Fig. 7. ASS1 supports metastatic invasion in vitro and in vivo.

a Western blot of the ASS1 levels in cells stably cultured in Plasmax upon ASS1 silencing using two different shRNA constructs. Calnexin was used as an endogenous control. b Measurement of 786-M1A cell proliferation after silencing of ASS1 using Incucyte. Confluency values are shown as phase image sharpness calculated through Incucyte software ± S.E.M. N = 3 independent experiments. c Representative images of the indicated cell lines at time 0 and after 48 h (left) upon growth as spheroids in collagen (area marked in red). Pictures were obtained from Incucyte. Scale bar is 500 μm. Quantification of the cell spreading area in the collagen matrix at 48 h is represented as mean ± S.E.M from N = 3 independent experiments. Statistical significance was calculated using two-tailed one-sample t-test (null hypothesis ratio = 1). d Normalized lung photon flux from the lungs of 5 mice post tail-vein inoculation of 300,000 cells for the indicated cell types. Data are shown as mean of 5 mice ± S.E.M. e Box plot of the normalized lung photon flux of 5 mice/group at day 38 post-inoculation from the experiment shown in d and representative bioluminescence images of the mice at day 38 (f). 25% percentile/median/75% percentile are: 2.174;4.403;13.59 for 786-M1A + NTC, 0.5860;0.7700;0.8300 for 786-M1A + shASS1#1, 0.1940;0.2200;0.2895 for 786-M1A + shASS1#2. Statistical significance was calculated using one-way ANOVA with multiple comparisons. g Representative images of human vimentin/hematoxylin immuno-histochemistry of mouse lung sections after inoculation of cells in the tail vein for the indicated cell types. Scale bar is 200 μm.
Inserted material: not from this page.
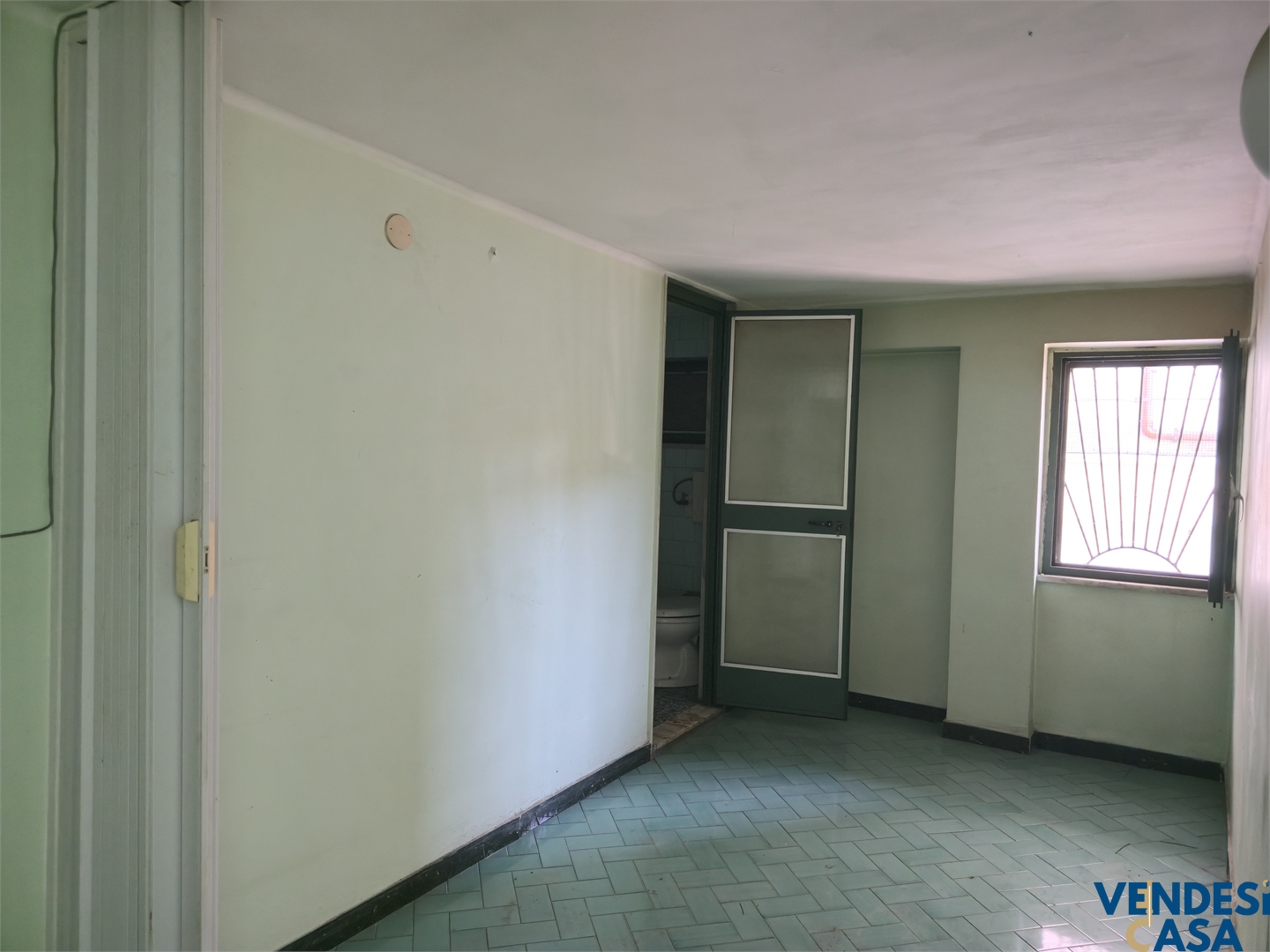 Magazzino in vendita, Adelfia canneto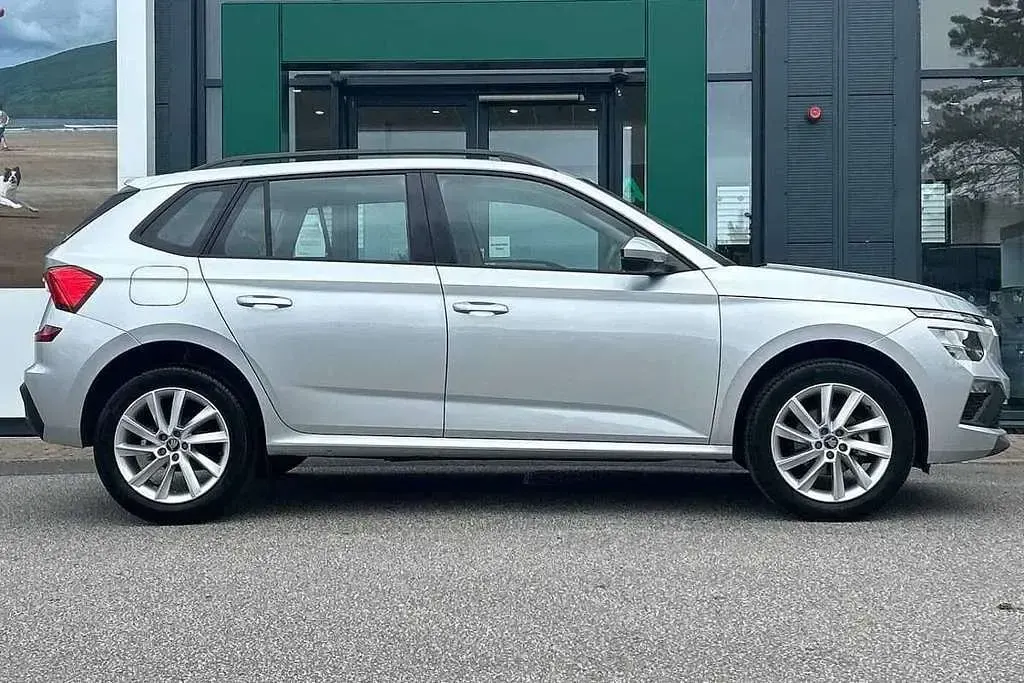 Used Skoda Kamiq SE 113 HP (83 kW) 2025 Brilliant silver metallic SUV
Fig. 8. Reprogramming of the BCAA amino acid catabolism is intertwined with the urea cycle enzymes during ccRCC progression.

Schematic showing a summary of the metabolic reprogramming in renal cancer cells during progression. Upon VHL loss, renal cancer cells activate a metabolic reprogramming to compensate for the aspartate defect that is a consequence of the HIF-dependent mitochondrial dysfunction present in these cells that involves combined activation of BCAT1 and GOT1. ASS1 is suppressed, sparing aspartate from consumption through the urea cycle and favoring its re-direction towards nucleotide biosynthesis. In the metastatic population, ASS1 is epigenetically reactivated, and its expression is triggered by low levels of arginine in the microenvironment. ASS1 reactivation in the metastatic cells connects the BCAA catabolism reprogramming to the urea cycle, providing metastatic cells with the capability to derive arginine from BCAA and to survive in the presence of limiting levels of arginine.